A respeito de eventual equalização do TN, há controvérsias se o financiamento do BNDES, tendo como custo básico a Taxa de Juros de Longo Prazo — TJLP — (referência para o financiamento de todos os setores industriais, comerciais e de serviços, incluídas as concessões, inclusive as rodoviárias estaduais do estado de SP) implicaria custo fiscal. Estudos recentes de técnicos do BNDES mostram custo fiscal zero ou mesmo superávit fiscal, ao se considerar os retornos diretos e indiretos produzidos e induzidos pelo investimento. Portanto, é bastante provável e razoável supor que o custo fiscal do TAV será, no máximo, de R$ 9 bilhões, representando pouco mais de 25% do valor do projeto.
Tal valor poderia ser considerado baixo ou alto dependendo do custo de oportunidade de outros investimentos, bem como do custo-benefício do projeto em si. Se o custo de oportunidade for considerado em relação ao metrô, por exemplo, a comparação é altamente vantajosa para o TAV. Uma vez que o metrô não consegue remunerar nem pagar o investimento, vale dizer, ele tem de ser ressarcido integralmente pelos tesouros estaduais (ou federal, conforme o caso). Assim, a comparação deve ser feita entre a parcela subsidiada do TAV e todo o investimento no metrô. Note-se que o subsídio de R$ 9 bilhões não é suficiente sequer para construir 9km de linhas de metrô no Rio de Janeiro ou em São Paulo, ou seja, tal equalização (frise-se, sem custo fiscal) é um pingo d’água no oceano de necessidades das duas metrópoles.

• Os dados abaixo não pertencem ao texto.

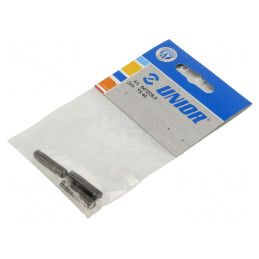 Capăt de șurubelniță Torx TX40 25mm 3 buc. | Electronic-mag.ro | Componente Electronice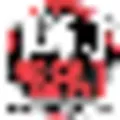 106.7 The Beat Radio Logo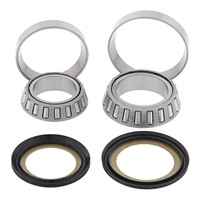 All Balls Steering Head Bearing Kit for Yamaha RX125 1978-1981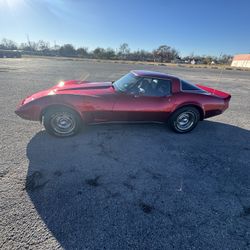1978 Chevrolet Corvette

A equação do custo de oportunidade fica ainda mais favorável quando se considera o quarto e principal aspecto do benefício do empreendimento: o TAV vai facilitar o deslocamento de executivos, consultores e mão de obra qualificada de forma a viabilizar localizações corporativas de primeiro nível fora da região metropolitana de São Paulo, que é, no momento, a única metrópole nacional, dada a secular decadência do Rio de Janeiro acentuada a partir dos anos sessenta.
Como é por demais reconhecido, a região metropolitana de São Paulo encontra-se com custos — deseconomias — de aglomeração crescentes, o que enseja duas estratégias alternativas que podem vir a ser complementares. A primeira é um esforço de microlocalização metropolitana, o que vem sendo tentado há várias décadas através da triplicação de rodovias em direção ao interior do estado, estratégia que, ao que parece, atingiu o limite em termos de eficácia. A segunda seria apostar numa segunda metrópole com aptidão nacional que fosse relativamente próxima de São Paulo.
A proposta do TAV viabiliza as duas alternativas na medida em que abre espaço para novo padrão de desconcentração concentrada microlocacional em Campinas e São José dos Campos e passa a viabilizar inequivocamente a volta do Rio de Janeiro ao cenário nacional, capacitando-o como metrópole nacional alternativa — e complementar — a São Paulo.
Para aqueles com arraigado sentimento paulistocêntrico, não há nada no horizonte a preocupar, uma vez que o Rio de Janeiro, dadas algumas de suas limitações, dificilmente seria um espaço concorrente, mas provavelmente complementar a São Paulo. Em termos locacionais dos níveis corporativos, estaria acima de Campinas e São José dos Campos, mas certamente um degrau abaixo da grande metrópole brasileira.
Nesse caso, o TAV ajudaria o coração econômico do Brasil — a região metropolitana de SP — a ter as artérias desobstruídas, viabilizando maior crescimento e um desenvolvimento regional mais equilibrado da economia brasileira. Com o TAV ganham o Rio de Janeiro, São Paulo e o Brasil.